While Shawn Marion undoubtedly falls short of the "star" moniker, he's one of two players in this article whose well-rounded nature makes impossible to exclude.
Nicknamed "The Matrix" because of his ability to contribute to a game in so many ways, Marion was a quiet contributor for the Dallas Mavericks last season, much like he'll be during the 2012-13 campaign.
He averaged 10.6 points, 7.4 rebounds, 2.1 assists, 0.6 blocks and 1.1 steals per game during his third season under Mark Cuban and will likely put up similar numbers during his fourth.
Marion is another lockdown defender, capable of guarding his man effectively both on the blocks and the perimeter.
Despite the hitch in his jumper and his advancing age, Marion is still one of the NBA's premier well-rounded players.
Well, you don't have to wait long before getting to the next player whose versatility trumps his lack of stardom. Lamar Odom might have something to say about that last part now that he's with the Los Angeles Clippers, though.
If he can earn enough playing time, he'll be a crucial player alongside Chris Paul and Blake Griffin. Even if he doesn't, he'll still affect the game in a variety of ways.
Odom came into the league as a massive forward who was capable of running the show as a point-forward, and not too much has changed since his first stint with the Clippers from 1999-2003. He's lost some of his athleticism and effectiveness, but his skill set still remains widespread among the different areas of basketball.
When you're a threat to lead the league in triple-doubles while playing point guard, you definitely qualify as one of the most versatile players in the Association.
Such is the case with Rajon Rondo, who makes up for his lack of scoring ability with nearly unmatched court vision and a terrific level of tenacity when crashing the boards.
Plus, the Boston Celtics point guard is a tremendous defender out on the perimeter. He's one of the rare players who's both capable of swiping the ball away multiple times a game and locking his target down on each and every one of the possessions on which he doesn't record a steal.
Rondo isn't the absolute most versatile player in the NBA, but his stat-stuffing ways allow him to at least come close.
If only Josh Smith understood that he is already versatile...
Smith is one of the league's top shot-blockers, but he also plays great defense even when he's not racking up the counting stats. He also uses his athleticism successfully on offense and has developed into one of the better scorers at the power forward position that the NBA has to offer.
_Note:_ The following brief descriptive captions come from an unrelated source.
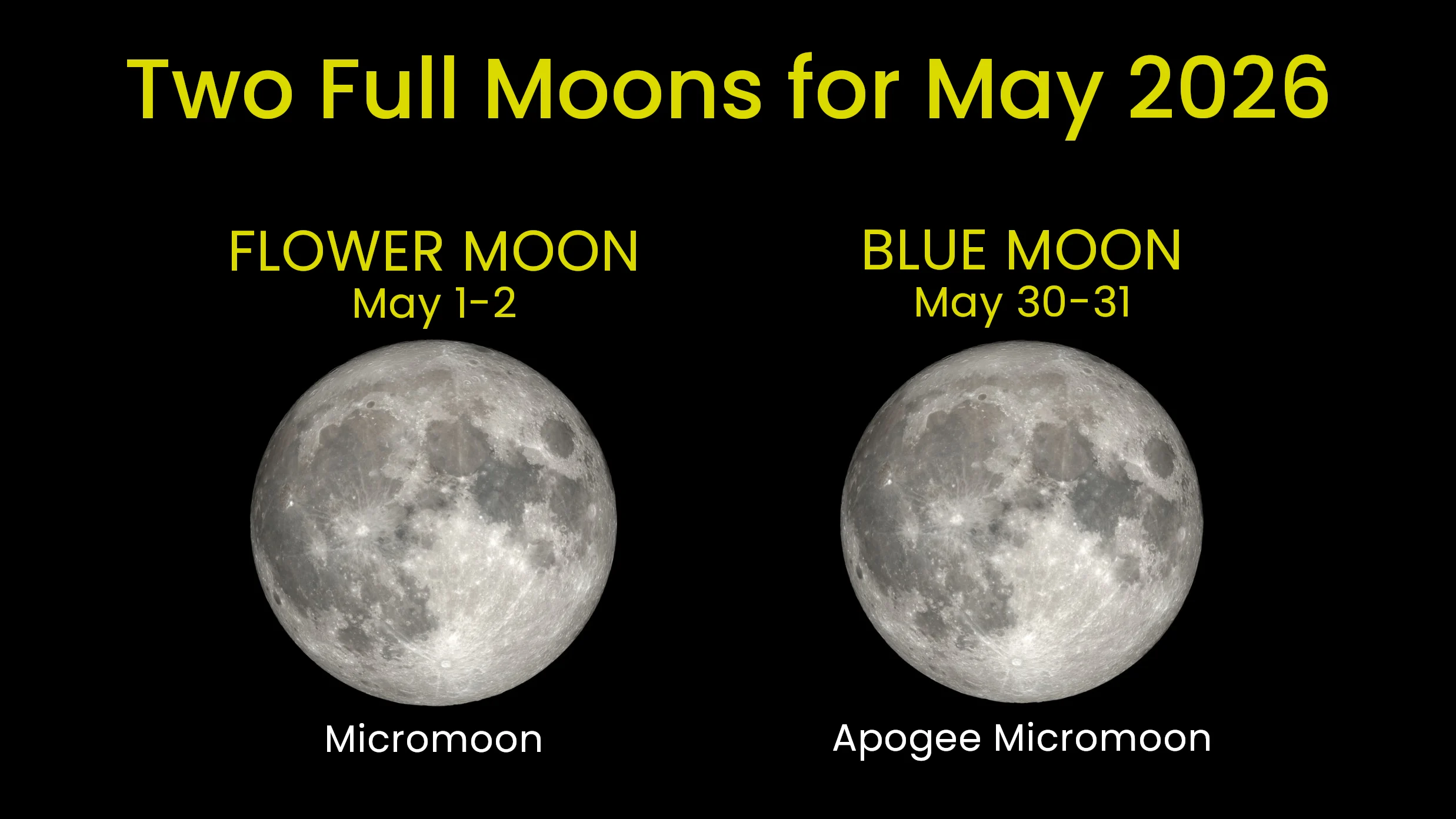 May 2026 - 2 Full Moons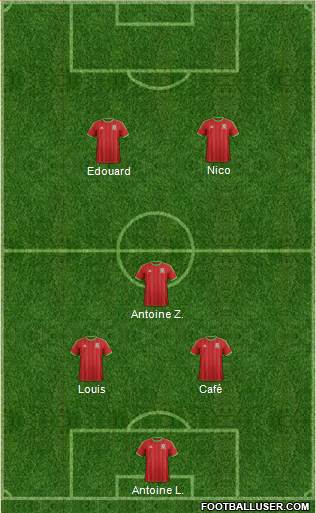 Wales Formation 2014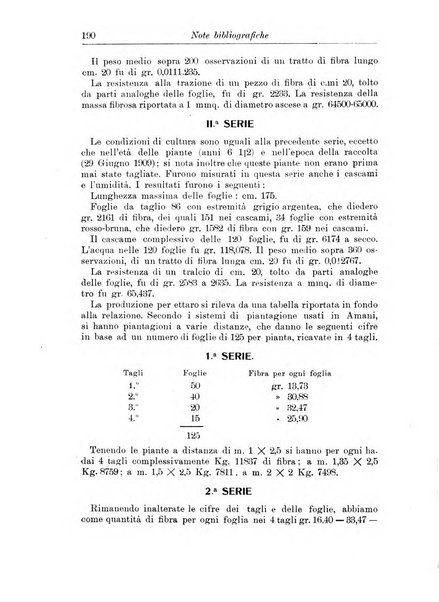 L'agricoltura coloniale organo dell'Istituto agricolo coloniale italiano e dell'Ufficio agrario sperimentale dell'Eritrea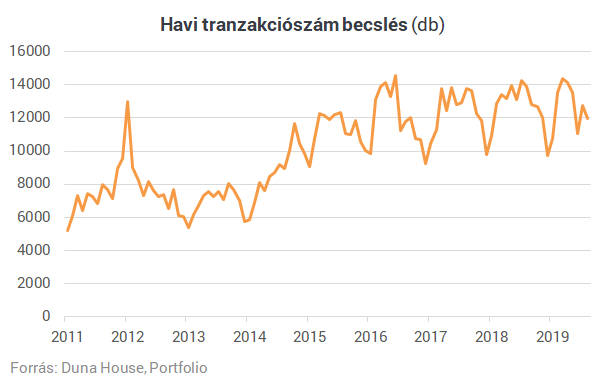 Kevesebb lakást vettünk nyáron, mint egy évvel ezelőtt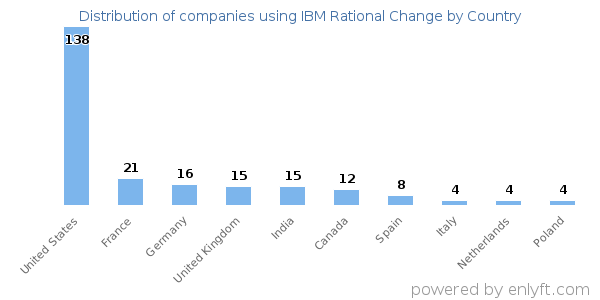 IBM Rational Change customers by country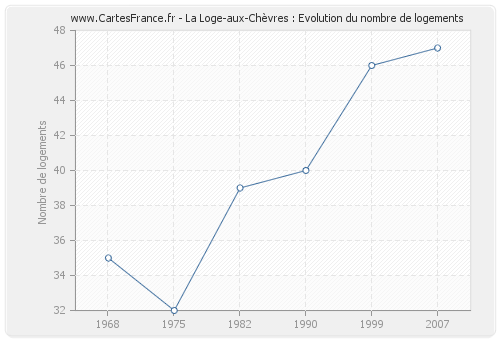 La Loge-aux-Chèvres : Evolution du nombre de logements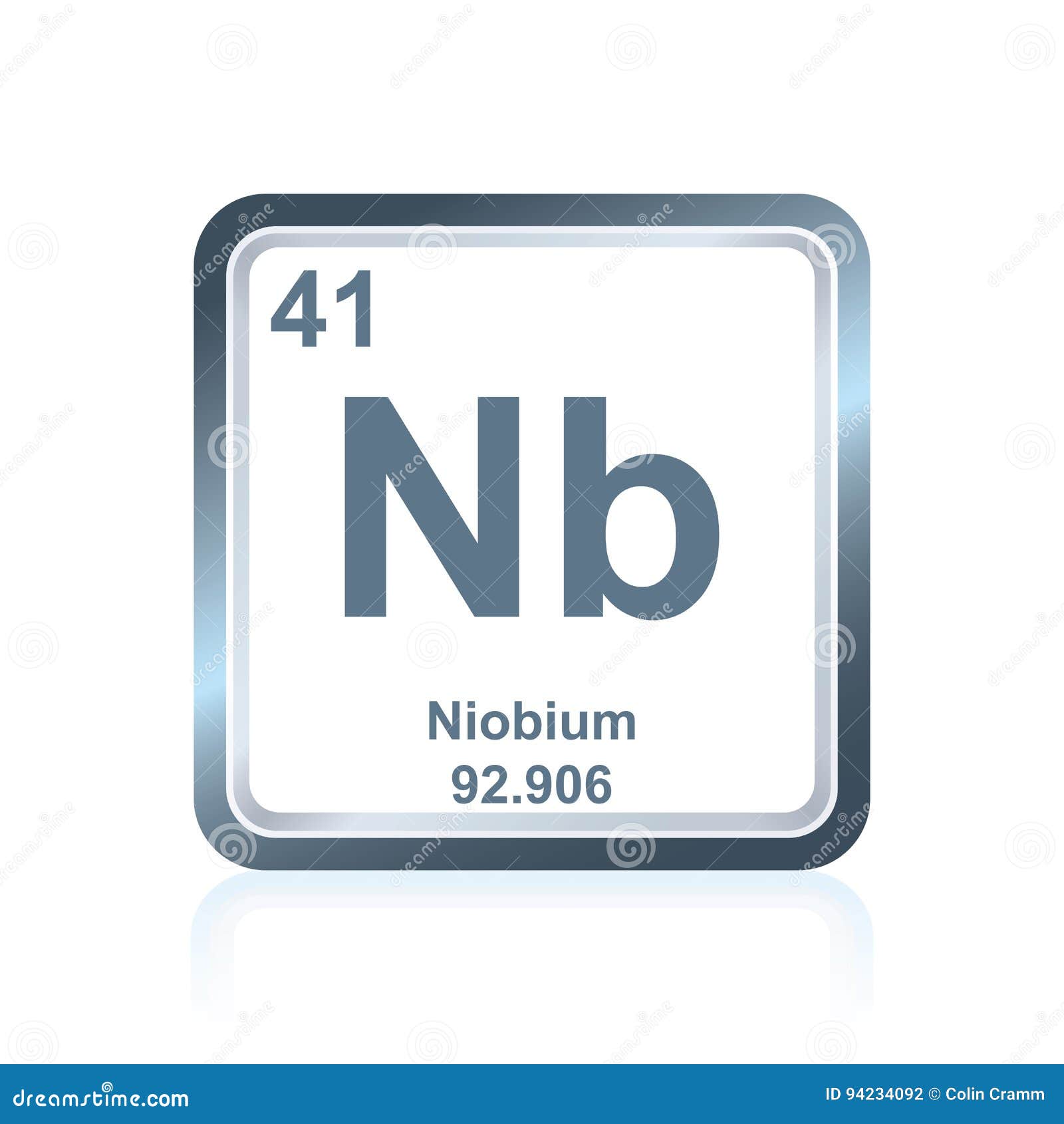 Niobio Dell'elemento Chimico Dalla Tabella Periodica Illustrazione di Stock - Illustrazione di simbolo, periodico: 94234092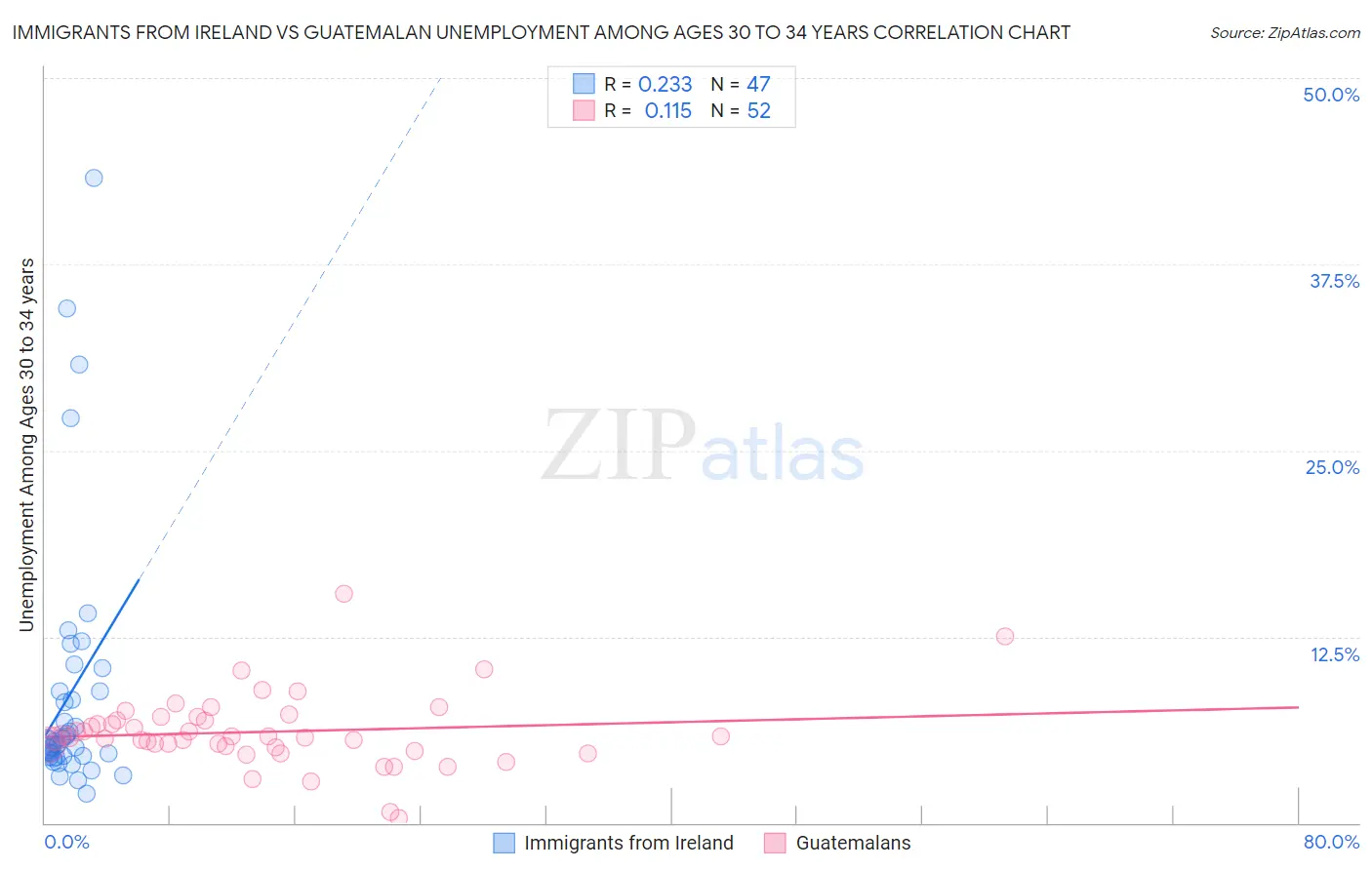 Immigrants from Ireland vs Guatemalan Unemployment Among Ages 30 to 34 years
That's not enough for Smoove, even though it would be plenty of tools for most players to have in their arsenals.
No. 5 is still convinced that he's a great shooter from the perimeter. News flash time: He isn't.
Whether you think that Dwyane Wade or Kobe Bryant is the best shooting guard in the NBA, it's impossible to deny that Wade is still one of the two best players at his position.
Wade's ascent to the top of the 2-guard totem pole happened because of more than just his slashing ability. As great as he is at cutting to the basket with and without the ball, he's a versatile player who makes a major impact on both ends of the court.
The greatest shot-blocking guard of all time, Wade is still a defender who causes players set to face the Miami Heat to stay up all night or wake up in a cold sweat.
The beauty of Wade's game is that he always finds a way to contribute, even when his shot isn't falling. When it is, the rest is gravy.
Even though Gerald Wallace is an inch taller than Andre Iguodala and plays combo-forward instead of a swingman role, he still plays a rather similar role to his now-Nuggets counterpart.
Crash is a tenacious defender on all areas of the court, and he can score capably. He isn't usually considered a primary option when it comes to putting the ball in the hoop, but he can do so effectively when he's asked to.
A great player in transition, Wallace is always dangerous after a missed shot and is a constant threat to pull down any available rebound.